One of the biggest obstacles facing automated speech recognition (ASR) systems is their inability to adapt to novel, unbounded domains. Audiovisual ASR (AV-ASR) is a technique for enhancing the accuracy of ASR systems in multimodal video, especially when the audio is loud. This feature is invaluable for movies shot “in the wild” when the speaker’s mouth might not be in view. Models for this task are often large and comprise both visual and audio encoders and datasets for this task tend to be small.

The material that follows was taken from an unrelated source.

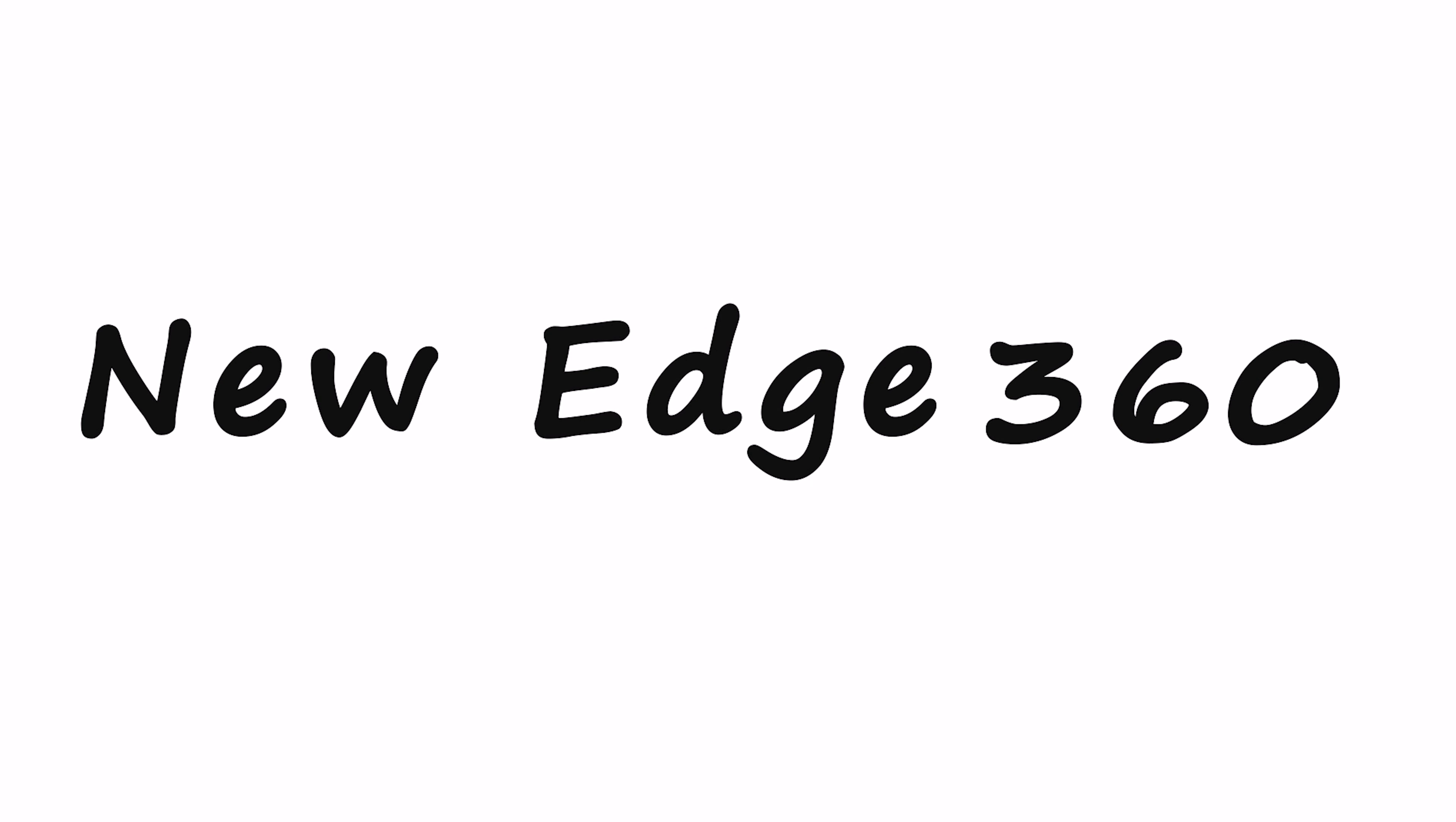Welcome to New Edge 360. In this class, I will show you how to make kinetic falling typography in After Effects. I will not take too much of your time, so let's start the class.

As other AVASR works, it is only taught and tested using instructional videos. As trials by Google’s research team demonstrate, it performs badly when applied to novel domains using only a single training data set. However, several newly released massive audio-only models have been greatly optimized using self-supervised pretraining and tremendous supervised training on audio-only data from audiobooks like LibriLight and LibriSpeech. Models with billions of parameters, widespread availability, and impressive cross-domain generalization are all features of this class of models. The idea is to recycle the massive investment in such models’ training by reusing their weights. Inspiring them are recent efforts that modify frozen foundation models for use in a variety of domains.

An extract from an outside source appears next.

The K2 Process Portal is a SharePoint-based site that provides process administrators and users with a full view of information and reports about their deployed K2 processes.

While these models retain the advantages of audio-only pretraining for zero-shot generalization, they now integrate visual inputs in a lightweight manner to enable AV-ASR. The AVFormer framework uses light projection layers and trainable adaptors to infuse visual input into a static ASR model.

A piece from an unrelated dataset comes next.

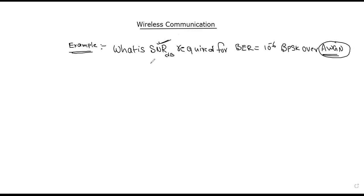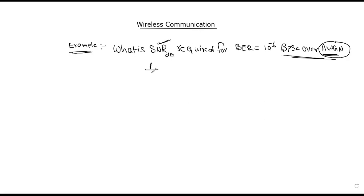From the last video, we know the formula for bit-error rate under BPSK over an AWGN channel. For BPSK, the bit-error rate equals (1/2) times e to the power of (minus 1/2 times SNR). This is the bit-error rate formula for the AWGN channel.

Researchers demonstrate that these can be taught with minimal extra training time and parameters on a modest amount of poorly labeled video data. This reduces the potential for domain shift and catastrophic forgetting associated with end-to-end finetuning. They also incorporate a basic curricular plan during training to guarantee consistency in the finetuning of these adapters, which they demonstrate is essential for the model to interpret auditory and visual data in tandem correctly. Finally, they show that the model beats state-of-the-art zero-shot approaches on three AV-ASR benchmarks from various domains while maintaining respectable performance on baselines that rely just on audio.
Zero-shot generalization across all AV domains is the target without sacrificing quality on audio-only benchmarks. A state-of-the-art ASR model is used as a starting point and then modified for use in unrestricted AV-ASR. The following two elements are used to include visual features derived from a robust pretrained visual model into the model:
- They use a linear projection of visual elements to incorporate audio tokens.
- To facilitate domain adaptation, they introduce minimally invasive adapters into the ASR model’s encoder before it is frozen.
Here are some of the architecture’s most crucial parts:
- Encoder and decoder for frozen conformers
- Layers of the optical encoder and projection are used for projecting and extracting features from images.
- Adaptation layers were added to the core infrastructure, specifically for the audio spectrum.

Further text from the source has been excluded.